Added Diament, “We share [Israeli] Ambassador [Ron] Dermer’s concerns that even if Iran abides by the deal to every paragraph and subparagraph, in 10 to 15 years, whenever they get to the end of the deal, they’ll be a full blown nuclear state with the blessing of the international community.”
The OU plans to keep the pressure on Congress through the August recess and “right up to the vote,” said Diament.
Pollard granted parole, lawyers ask Obama to waive travel restrictions
Jonathan Pollard, who has been imprisoned for 30 years for spying for Israel, has been granted parole following a unanimous vote by a federal parole panel.
The release date is scheduled for Nov. 21, Pollard’s pro bono attorneys announced in a news release on July 28. Had he not been granted parole, he would have been required to serve an additional 15 years in prison, the release said.
According to Pollard’s attorneys, Eliot Lauer and Jacques Semmelman, the parole commission’s decision was made “independently of any other U.S. government agency” and “is not connected to recent developments in the Middle East,” presumably a reference to the Iran nuclear deal.

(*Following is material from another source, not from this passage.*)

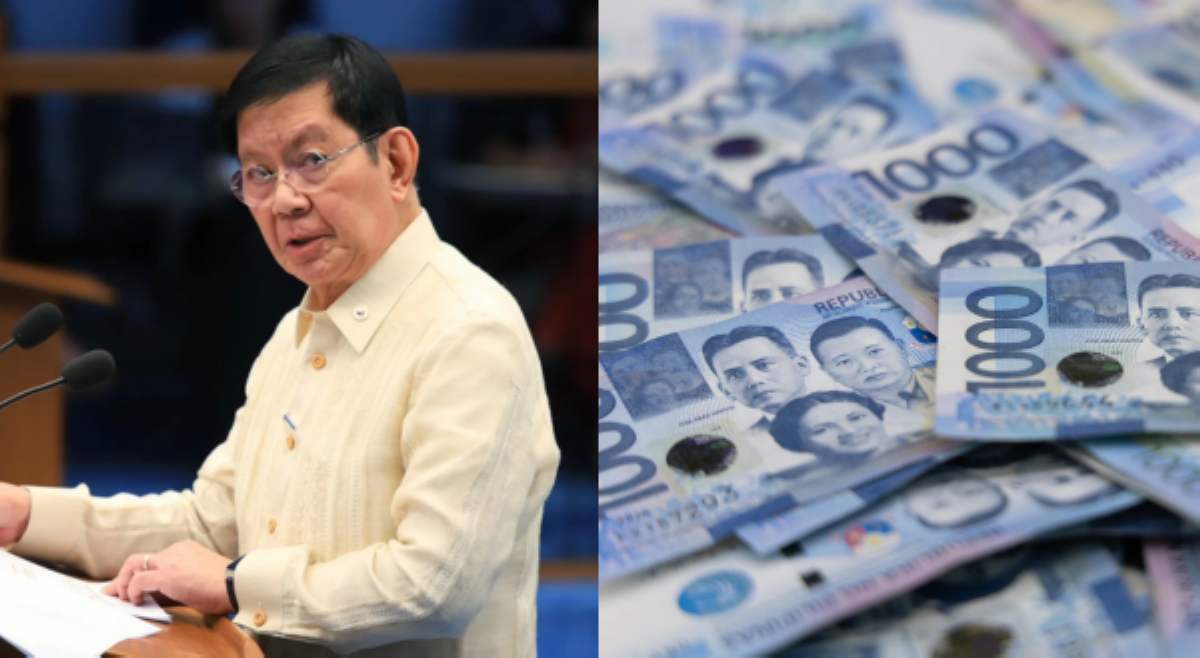 ''Di ganoon kasimple!&rsquo; Sen. Ping, iginiit na aabot sa ₱320-B ang mawawala kung aalisin ang VAT!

The Notice of Action granting Pollard parole requires him to stay in the United States for five years, a requirement that Lauer and Semmelman are asking President Barack Obama to waive using his clemency power.
Israel’s Channel 2 reported on July 28 that Pollard will be released one day early, on Nov. 20, because the 21st is a Saturday, the Jewish Sabbath. Pollard, who in 1987 was given a life sentence, has been serving his term in a federal prison in North Carolina.
The U.S. government does not oppose the release, Pollard’s attorneys said. His only application for parole, filed last year, failed.
Pollard was arrested in 1985 while working as a civilian Navy analyst.
Secretary of State John Kerry told reporters on July 28 in Washington, D.C., as he left a House of Representatives hearing on the Iran nuclear deal that the granting of parole is not related to the agreement.
Pollard issued a statement through his attorneys.
“I am looking forward to being reunited with my beloved wife Esther,” he said. “I would like to thank the many thousands of well-wishers in the United States, in Israel and throughout the world who provided grass roots support by attending rallies, sending letters, making phone calls to elected officials and saying prayers for my welfare. I am deeply appreciative of every gesture, large or small.”
Pollard singled out for special thanks the National Council of Young Israel and its leaders as well as David Nyer, Kenneth Lasson, George Leighton, Larry Dub, Nitsana Dirshan-Leitner, Effi Lahav, Asher Mivtari and Adi Ginsburg.
“It’s a miracle,” Pollard’s former wife, Anne Pollard, told Channel 2 shortly after news broke of his parole. “I just heard officially that this was true.”
She said she knew nothing about the terms of his release.